#### [The task]
After locating the line with "Turbo 06K145701T VAG" in the entries below, set down exactly that line and each one after it to the end, skipping pictures.
··· Information supplied ···
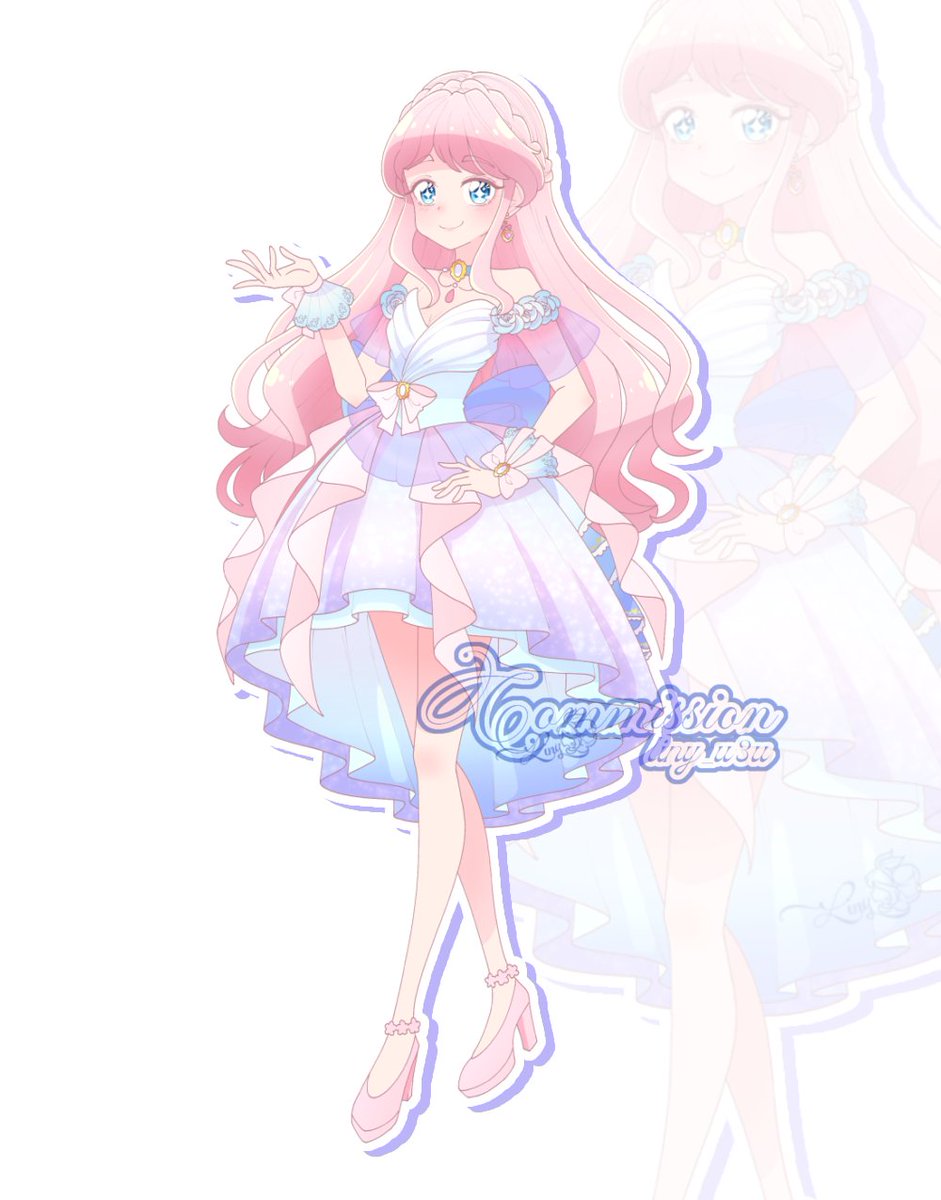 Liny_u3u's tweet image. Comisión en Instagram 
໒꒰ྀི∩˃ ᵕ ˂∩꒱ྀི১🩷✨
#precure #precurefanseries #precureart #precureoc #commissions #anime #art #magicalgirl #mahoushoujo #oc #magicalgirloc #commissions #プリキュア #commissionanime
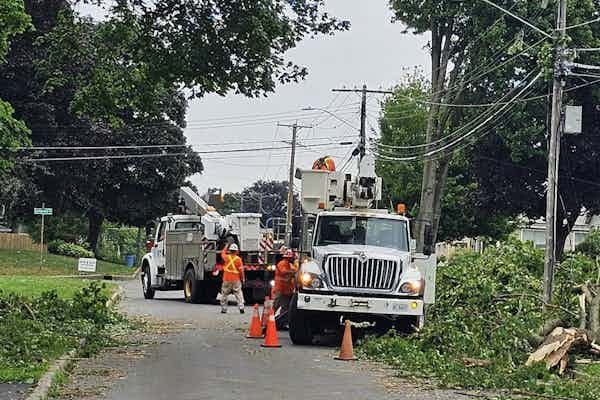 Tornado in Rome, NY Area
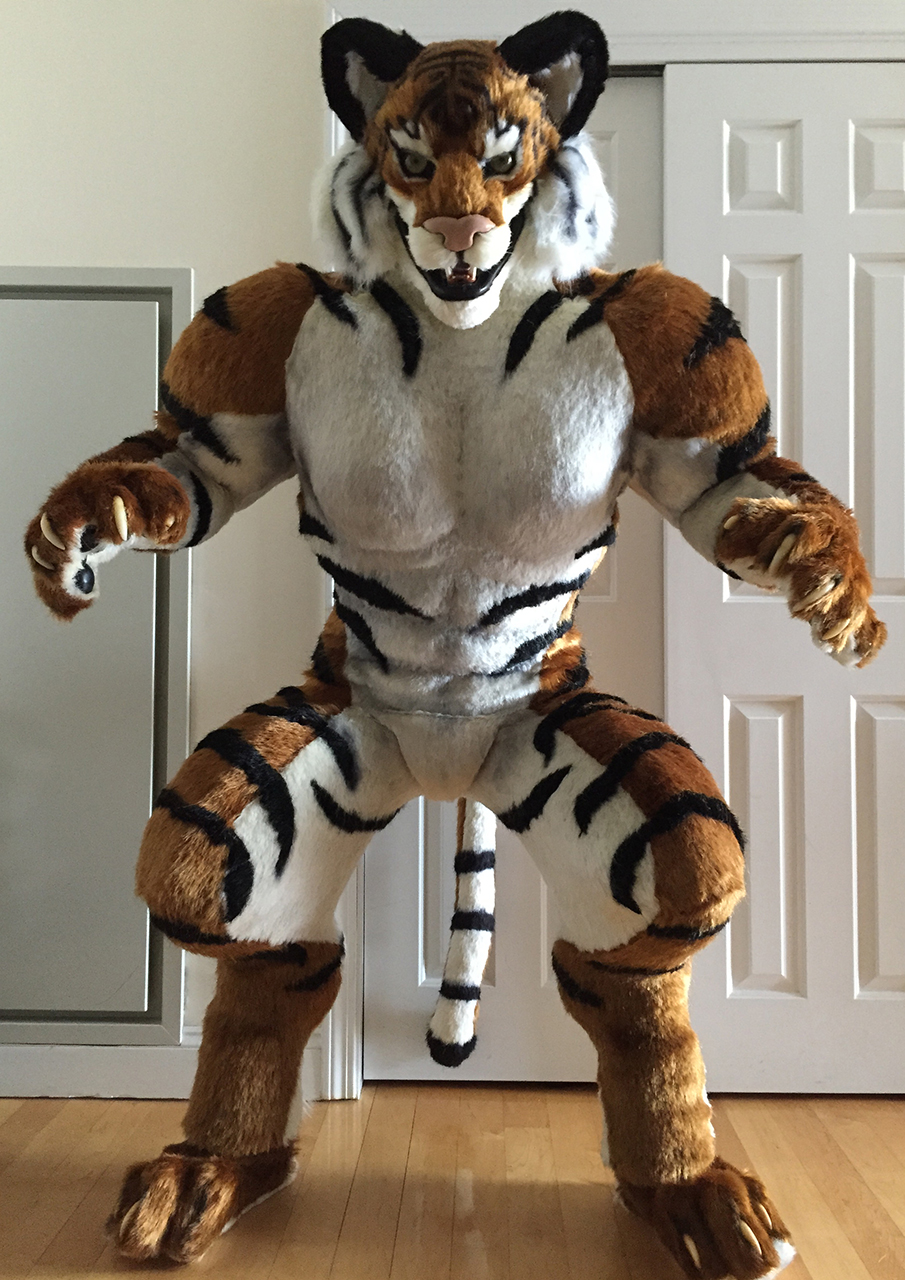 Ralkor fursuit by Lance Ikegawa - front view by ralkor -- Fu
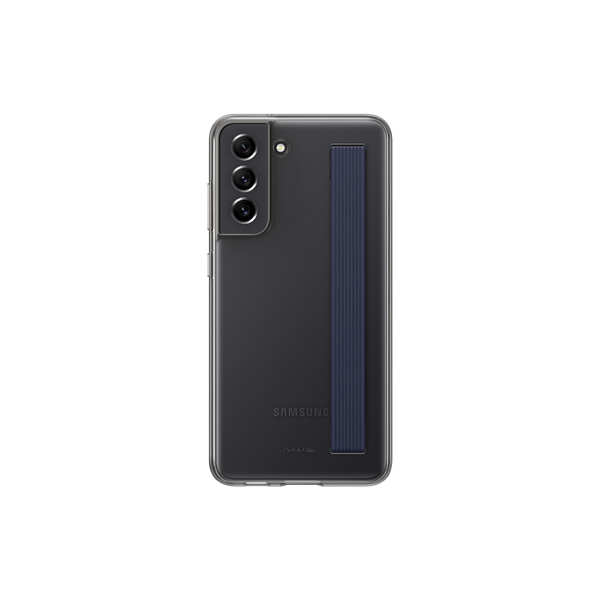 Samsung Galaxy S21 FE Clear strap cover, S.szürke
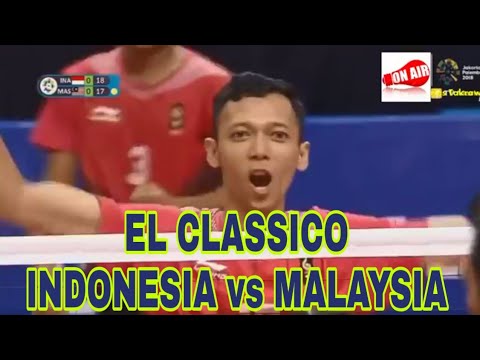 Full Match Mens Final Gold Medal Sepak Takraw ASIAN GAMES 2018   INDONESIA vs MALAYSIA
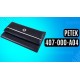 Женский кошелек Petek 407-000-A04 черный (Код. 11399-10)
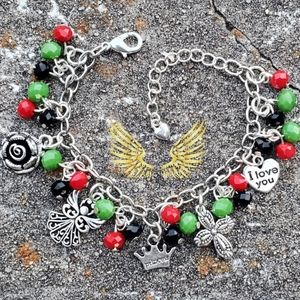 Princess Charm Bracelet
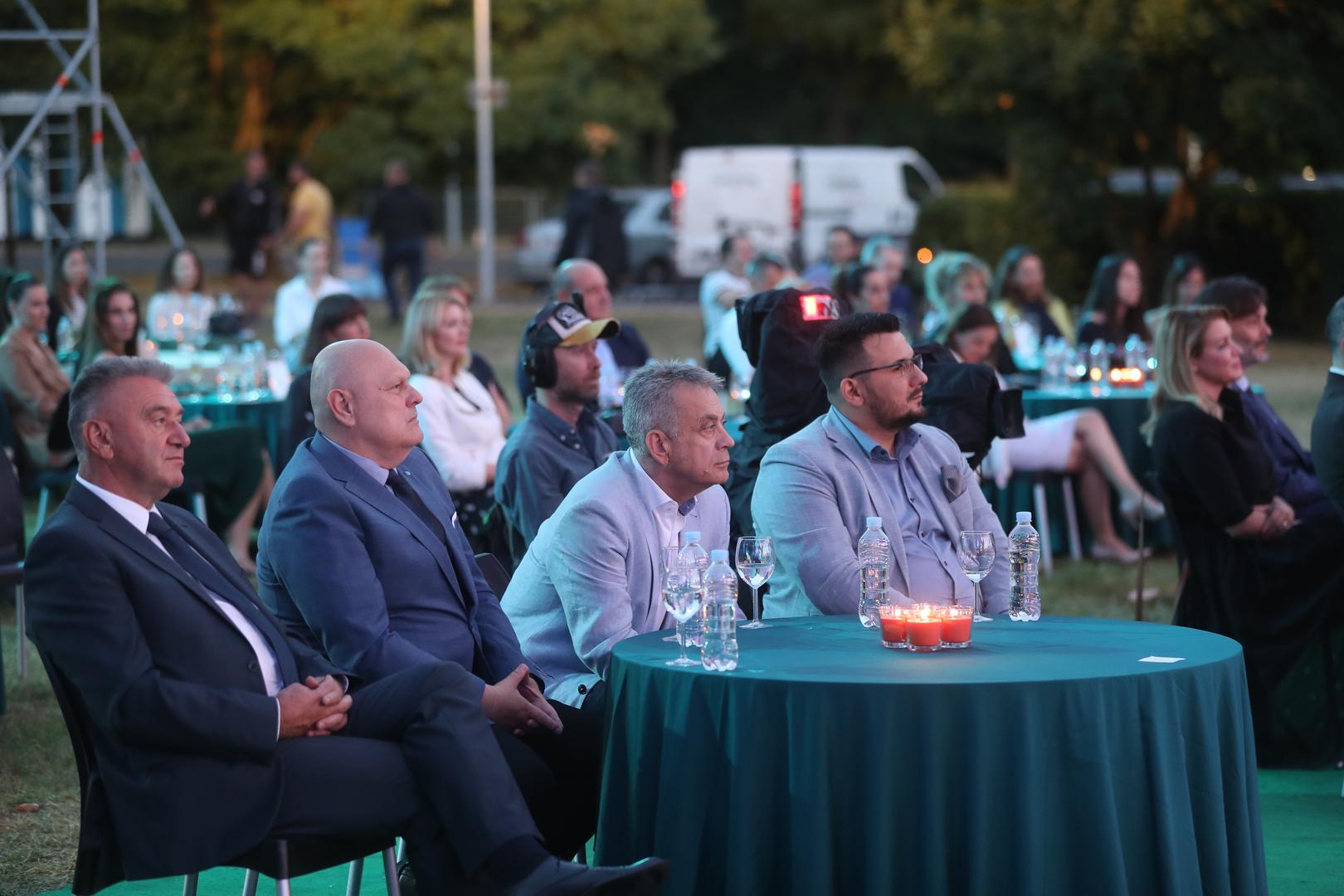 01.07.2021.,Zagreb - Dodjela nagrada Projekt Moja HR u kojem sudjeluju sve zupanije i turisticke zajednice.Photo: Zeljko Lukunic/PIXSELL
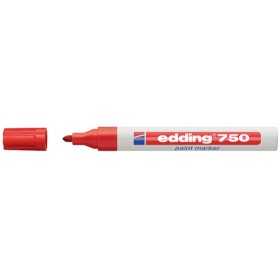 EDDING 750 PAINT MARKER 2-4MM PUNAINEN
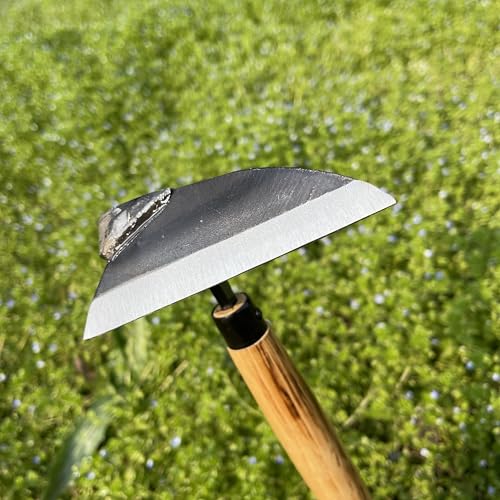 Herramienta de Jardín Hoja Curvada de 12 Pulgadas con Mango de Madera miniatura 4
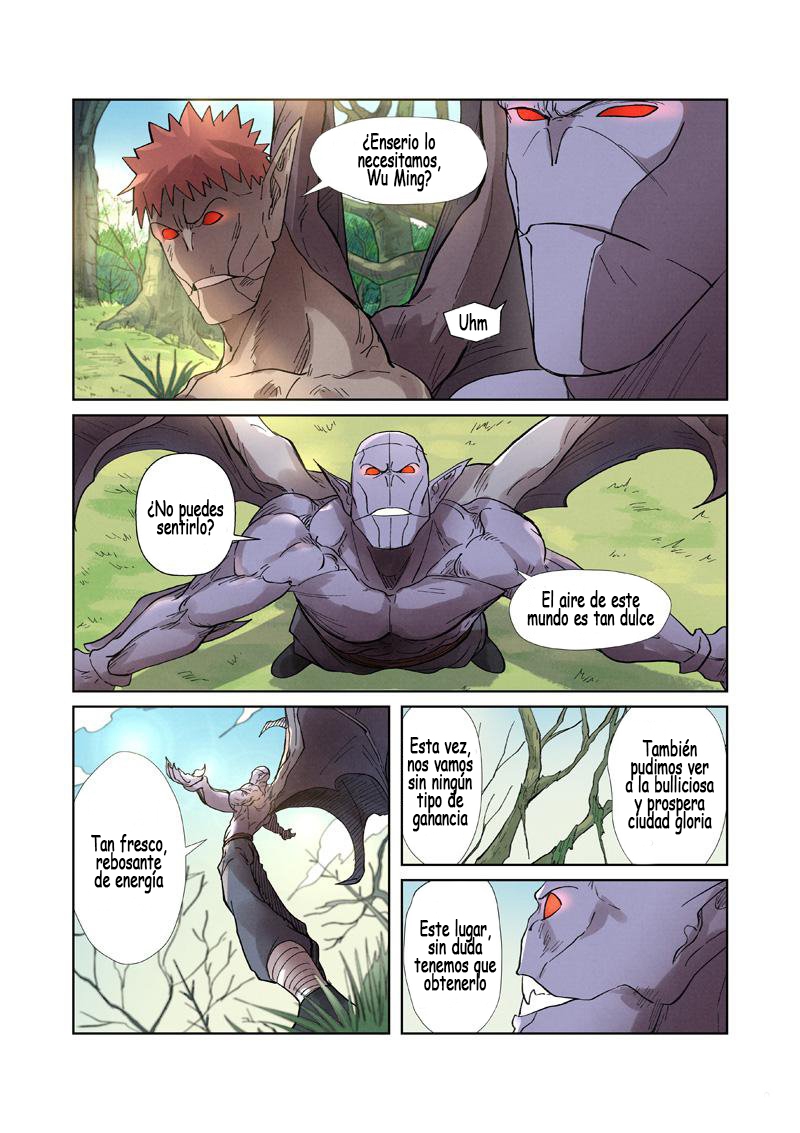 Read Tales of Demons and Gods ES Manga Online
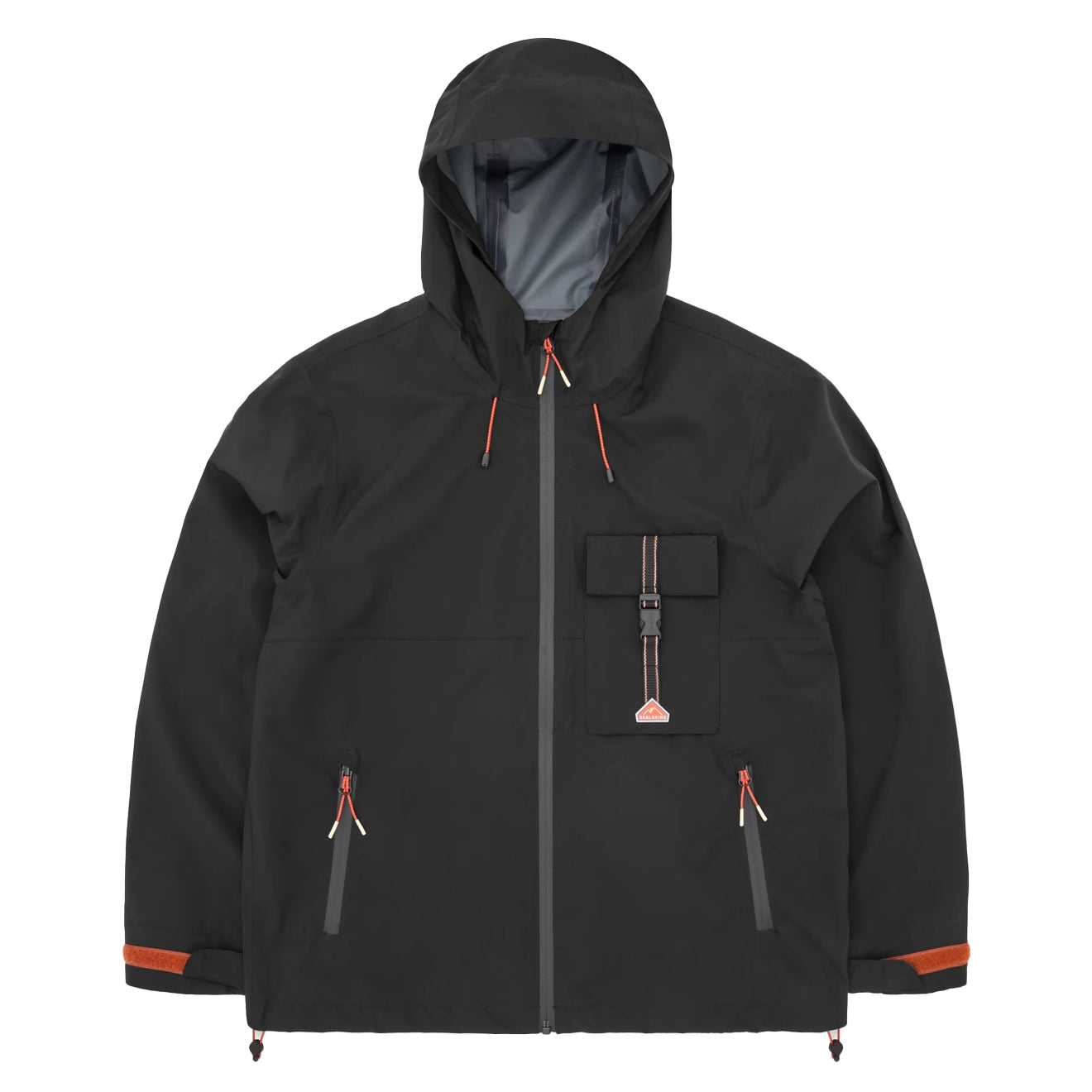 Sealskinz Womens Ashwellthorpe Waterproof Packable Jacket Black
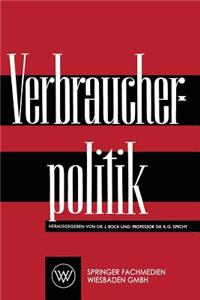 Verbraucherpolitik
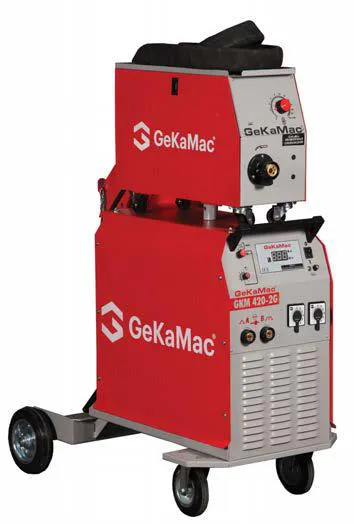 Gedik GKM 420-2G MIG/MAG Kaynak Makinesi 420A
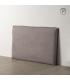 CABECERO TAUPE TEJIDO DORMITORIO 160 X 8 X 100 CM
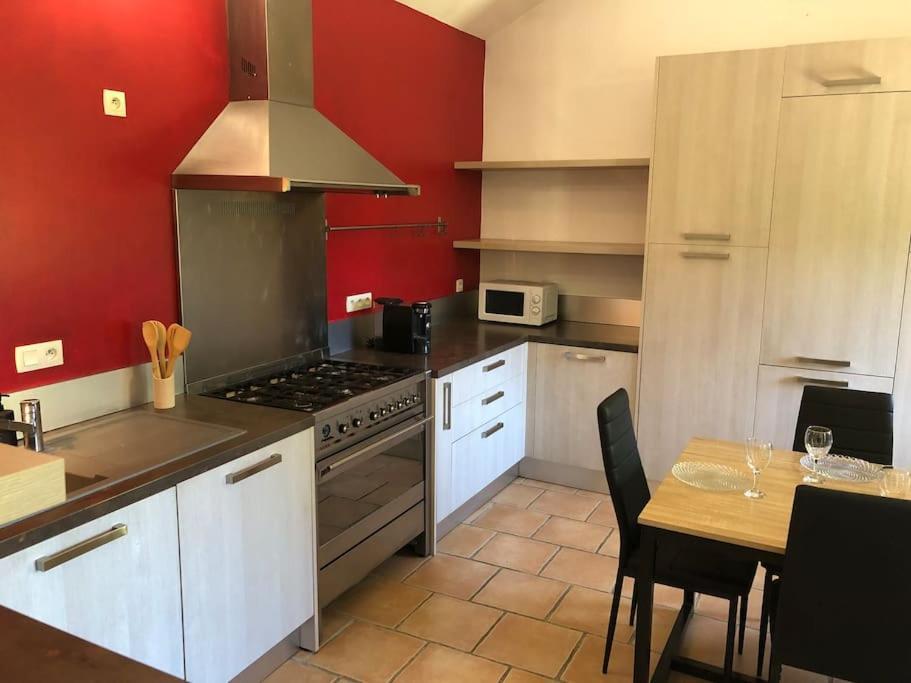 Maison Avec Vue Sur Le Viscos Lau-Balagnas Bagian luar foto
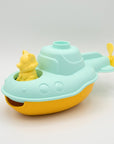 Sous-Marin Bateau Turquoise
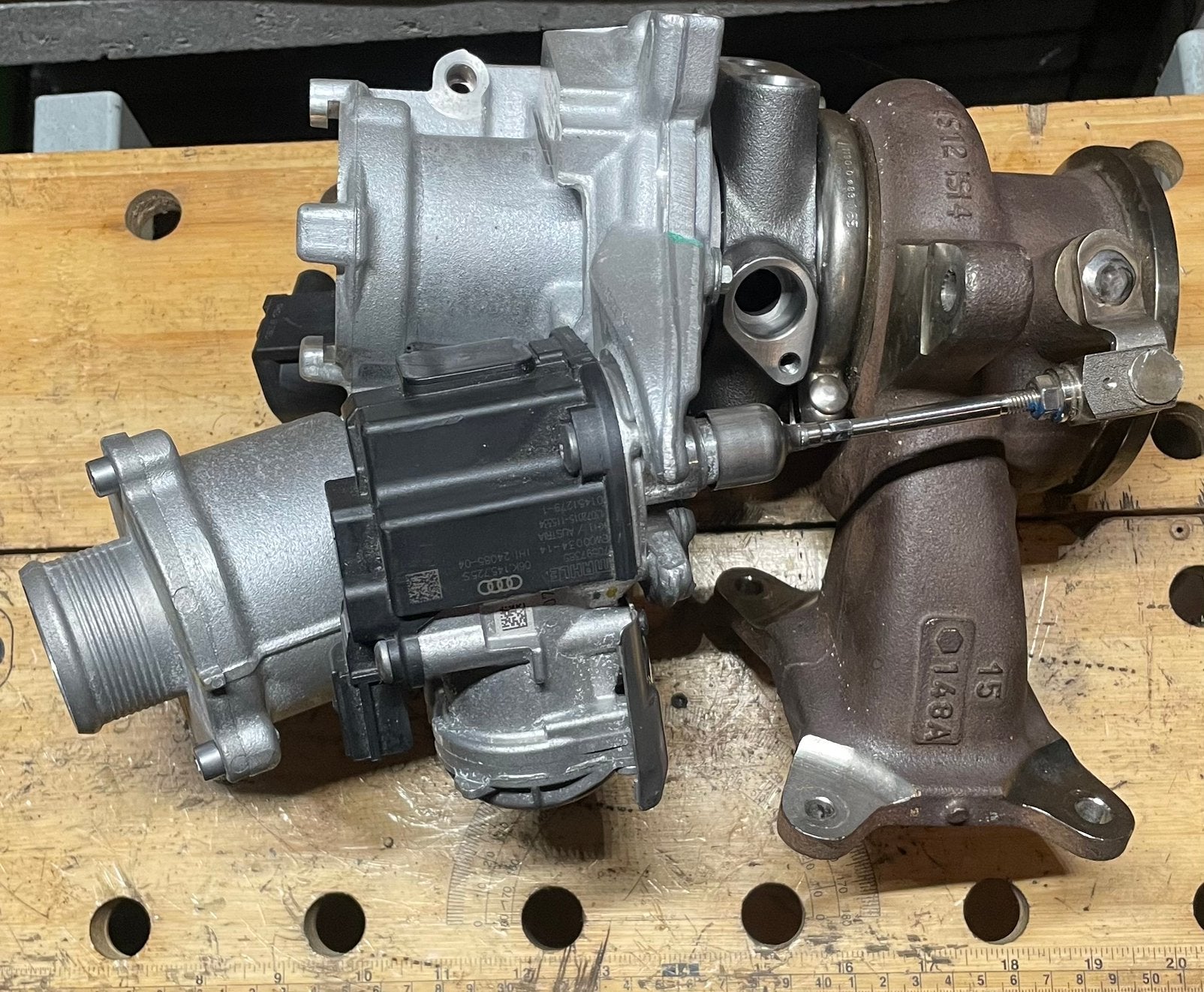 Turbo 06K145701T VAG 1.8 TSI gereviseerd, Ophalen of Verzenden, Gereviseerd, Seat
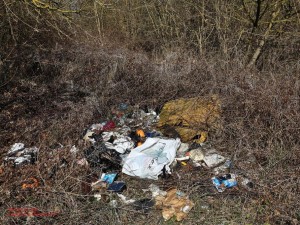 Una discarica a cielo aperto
···
#### [Response area]
 Turbo 06K145701T VAG 1.8 TSI gereviseerd, Ophalen of Verzenden, Gereviseerd, Seat
 Una discarica a cielo aperto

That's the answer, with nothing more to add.